----- Data in this exercise

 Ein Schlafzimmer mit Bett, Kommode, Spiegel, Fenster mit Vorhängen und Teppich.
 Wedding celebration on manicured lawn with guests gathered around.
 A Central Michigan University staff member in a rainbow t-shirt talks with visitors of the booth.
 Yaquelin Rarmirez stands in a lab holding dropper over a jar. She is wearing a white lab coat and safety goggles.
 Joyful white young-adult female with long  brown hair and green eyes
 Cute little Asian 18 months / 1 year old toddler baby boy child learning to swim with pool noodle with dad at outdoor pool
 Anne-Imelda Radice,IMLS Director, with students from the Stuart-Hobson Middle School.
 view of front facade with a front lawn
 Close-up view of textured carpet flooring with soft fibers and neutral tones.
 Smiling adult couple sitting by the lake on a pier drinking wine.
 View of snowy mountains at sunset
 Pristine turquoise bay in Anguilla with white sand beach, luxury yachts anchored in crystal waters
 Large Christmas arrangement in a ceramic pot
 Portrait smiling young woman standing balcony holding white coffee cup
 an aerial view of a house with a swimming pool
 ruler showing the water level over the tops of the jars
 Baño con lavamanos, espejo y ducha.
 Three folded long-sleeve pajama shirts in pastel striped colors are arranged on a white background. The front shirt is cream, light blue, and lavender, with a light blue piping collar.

----------

**What is needed**
Please write out, exactly as they appear, only the lines from the one holding "Baño con lavamanos, espejo y ducha." through the end of the data.

**Answer to this task**
 Baño con lavamanos, espejo y ducha.
 Three folded long-sleeve pajama shirts in pastel striped colors are arranged on a white background. The front shirt is cream, light blue, and lavender, with a light blue piping collar.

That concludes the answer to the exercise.